Merry Christmas from RYM! We hope these resources bless your church and families during this Advent season. These resources are FREE for you to use and enjoy.
This FREE 6-week Advent study is meant to be an exposition and exploration of this “good news of great joy.” It is an introductory study, hence the title “Advent 101.” It is aimed at middle school and high school students, though I’ve personally taught it to adults as well. You know your church and your students best, so feel free to tailor this material to find the best fit.
RYM Worship is releasing Songs of Advent every Tuesday through December 22nd on YouTube. These songs will be released on Spotify soon thereafter.
“O Come, O Come Emmanuel” is an ancient hymn originating from Christian monasteries over 1200 years ago. It’s also one of the most earnest and beautiful songs of advent ever written. The word “advent” comes from the Latin word which means “arrival,” and this well-known Christmas hymn does an amazing job of putting the singer in two places at once in expectation of an arrival. On one hand, we sing from the perspective of the Old Testament Israelites, pleading for the advent of the Messiah to come and ransom us from our captivity and bring us home to our promised land.

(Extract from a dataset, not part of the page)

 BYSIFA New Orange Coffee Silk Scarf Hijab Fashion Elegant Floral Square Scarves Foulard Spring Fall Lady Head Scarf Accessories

On the other hand, we sing as we are right now, awaiting the arrival of our blessed Jesus to come back and dwell with us in the New Heavens and New Earth. We wait for our God to come and be with us again, Emmanuel in the flesh.
It’s been said that Christians live in between two different advents. Every Christmas, we celebrate the first arrival of our Messiah in the manger while also looking forward to the day when he comes back in glory. This particular advent hymn sets us squarely within that tension of what has often been called the “already/not yet.” We live in a time of rejoicing, for Emmanuel has already come. Yet, we also live in a time of longing as we wait for the Judge of all the earth to return and renew this fallen creation. Both can be true at the same time. Both should be true. And both should be felt this Christmas, of all Christmases, as we look at the grief and turmoil around us while also setting our gaze on the hope that lies both before us and behind.

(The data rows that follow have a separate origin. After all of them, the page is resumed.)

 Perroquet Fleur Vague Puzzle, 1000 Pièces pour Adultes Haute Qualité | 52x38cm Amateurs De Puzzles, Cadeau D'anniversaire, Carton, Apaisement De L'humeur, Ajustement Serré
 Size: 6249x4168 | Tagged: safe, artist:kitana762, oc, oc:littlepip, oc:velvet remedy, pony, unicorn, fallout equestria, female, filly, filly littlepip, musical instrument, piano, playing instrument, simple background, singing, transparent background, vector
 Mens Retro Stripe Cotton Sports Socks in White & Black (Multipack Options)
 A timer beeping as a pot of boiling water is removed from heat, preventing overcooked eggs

“How Long” is a new advent song written by Joe Deegan that seemed to fall right in line with how things have felt in 2020 as a whole. The phrase “how long” is repeated constantly throughout the Psalms (Psalm 13:1 - “How long, O Lord? Will you forget me forever? How long will you hide your face from me?”)

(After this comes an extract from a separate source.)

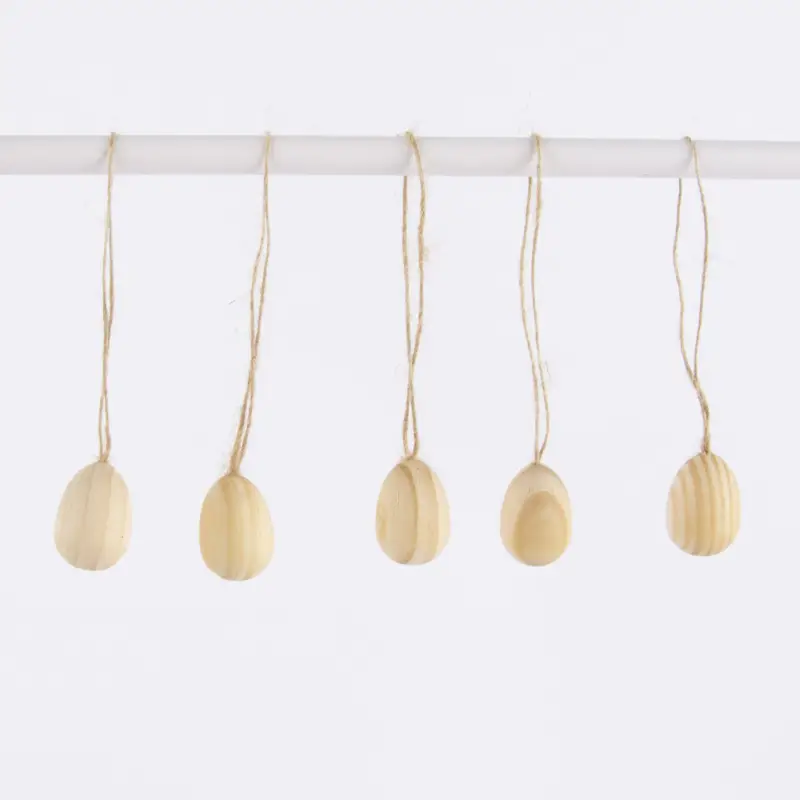 Billig Rico Design Dekoeier zum Hängen Osterei Holz 5 Stück natur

Almost every instance of this phrase throughout Scripture is ripe with pleading and longing for God to change circumstances and heal suffering. The interesting part of all this is that God never directly answers the question of “how long” in the Old Testament. In fact, at the end of the OT, God closes the book and shuts the mouths of the prophets for 400 years. For four centuries, he does not speak a word to his people.
And then the Apostle John opens his gospel by saying, “In the beginning was the Word, and the Word was with God, and the Word was God...And the Word became flesh and dwelt among us” (John 1:1, 14).
After 400 years of silence, God finally spoke to his people. And he only spoke one Word. And that one Word became flesh and made his home in the place that his people called home.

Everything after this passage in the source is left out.